Bell of justice


Oscillations of the judicial pendulum between two ideals, the rule of justice and the rule of law, has been occurring since Athens. According to Plutarch’s history of Athens, there was clear-cut segregation between systems of Solon and Theseus of Athens. Latter was a heroic figure, the hero who detested against oppression and inflicted severe punishments by use of his strengths on the unjust. In comparison, Solon disliked the idea of activism as he believed in institutions and rational laws. The substantive difference between rule of law and rule of justice has been revealed by the variance of opinions between Solon and Theseus.
Throughout the history of South Asia, the rule of justice has prevailed. Even before the conquest of Muslims, Kautilya’s Arthashastra illustrates how the rule of justice prevailed through rulers and their subordinates. Accordingly, the hierarchical system of administration powered subordinates to maintain justice in the names of their rulers. Postdate majority rulers followed the suit. The Bell of Justice during Jahangir’s era (1605-1628) is a prime example of this. Basic idea was to present himself as accessible to his public so that people in need of justice can ring the bell. Symbolically it was praise-worthily, but practically it was an eye wash measure.
Similarly, Article 184 (3) of the Constitution of the Islamic Republic of Pakistan is the contemporary version of Jahangir’s bell of justice. The provision of collectivized security of fundamental rights for subjects of state to move to the echelon forum has been given under this suo moto clause. In contrast to normal legal proceedings, without any petition and aggrieved party, the apex court has jurisdiction to take notice of matter of its choice where solely it acts as prosecutor and adjudicator at the same time.
Darshan Masih vs. The State (PLD 1990 Supreme Court 513) can be taken as an example of a limited use of this power by Supreme Court to act as a godfather for the neglected communities and marginalized people who are denied of their basic rights and freedoms. However, the Lawyers Movement made judicial activism aggressive and the apex bench has not missed an opportunity to grandstand politically side by sidestepping in the governance matters. Resultantly, these interventions have weakened the state institutions and halted the reforms process.
Interventionist behaviour of the apex court has favoured it in diverting the attention of the nation from the abysmal situation regarding the disposal of cases. In Pakistani jails, a pending trial held prisoners are two-thirds among all. Court backlog in Pakistan judiciary is estimated at around 1.9 million cases along 43,000 cases before the apex court. Civil cases took inter-generation to conclude according to research conducted by Justice Jawad S. Khawaja.

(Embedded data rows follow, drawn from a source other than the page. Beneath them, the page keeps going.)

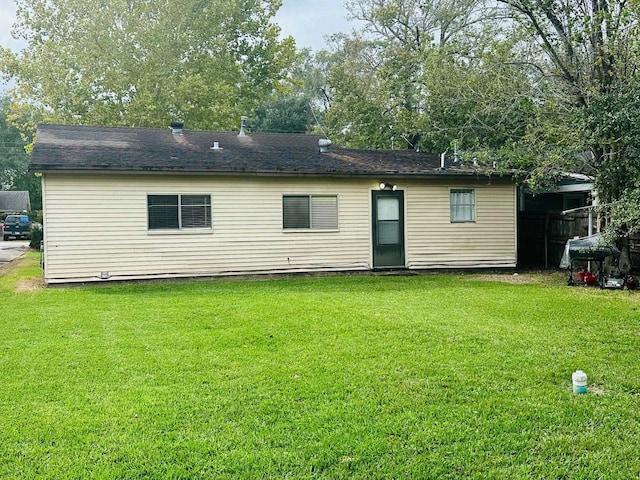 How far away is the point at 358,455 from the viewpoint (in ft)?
10.5

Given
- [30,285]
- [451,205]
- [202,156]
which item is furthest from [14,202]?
[451,205]

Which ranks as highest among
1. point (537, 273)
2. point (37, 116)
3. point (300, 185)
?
point (37, 116)

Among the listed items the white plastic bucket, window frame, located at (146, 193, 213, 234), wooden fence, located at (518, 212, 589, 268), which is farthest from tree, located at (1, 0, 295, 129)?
the white plastic bucket

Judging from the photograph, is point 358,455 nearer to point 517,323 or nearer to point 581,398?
point 581,398

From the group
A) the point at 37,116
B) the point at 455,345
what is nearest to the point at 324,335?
the point at 455,345

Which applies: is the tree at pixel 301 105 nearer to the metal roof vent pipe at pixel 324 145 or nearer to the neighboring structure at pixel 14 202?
the metal roof vent pipe at pixel 324 145

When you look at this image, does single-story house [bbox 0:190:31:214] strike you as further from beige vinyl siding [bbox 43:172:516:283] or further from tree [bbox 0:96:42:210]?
beige vinyl siding [bbox 43:172:516:283]

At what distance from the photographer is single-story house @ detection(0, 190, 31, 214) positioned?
1785 inches

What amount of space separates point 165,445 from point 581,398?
2.97 m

According to the World Justice Project (WJP, 2020), Rule of Law Index Pakistan stands at 120th place among the 128 countries included in the survey and in South Asia it stands at 5th place among the six countries in the region showing a poor public perception of Rule of Law in the country. Since the courts have not been successful in providing justice at large, the rule of law is not much prevalent in Pakistani society. Prevalence of the rule of law serves as a foundation for communities to achieve accessibility to the judicial system, free and fair trials, speedy proceedings, and respect for fundamental rights.
Following his predecessors, Justice Gulzar Ahmed’s (CJP) court took his first notice under the suo moto regarding the combating of the pandemic coronavirus. Once again the apex court has issued a decree regardless of any assistance from health experts. This is problematic in its entirety as it transfers power from the elected public representatives in taking governance measures to the unelected bench who have not any expertise in the field. Therefore, there is a dire need to define the rules and criteria for applicability with a procedure for the hearing of suo moto.
Holistically analysis of the judiciary would result in a hybrid of both, where the pendulum is mostly tilted towards the rule of the justice system while rhetoric is about the rule of law. Since Iftikhar Chaudhary’s court, the independence of the apex court has increased manifolds. However, governance of state affairs falls under the power of the executive apparatus and ultimately they ought to determine these. To avoid any future institutional rift, the Supreme Court ought to leave behind the role of just emperor and work on court backlogs to improve ground realities. Otherwise, the situation will only worsen with time and would end up in abrupt failure of the institution at any point in time.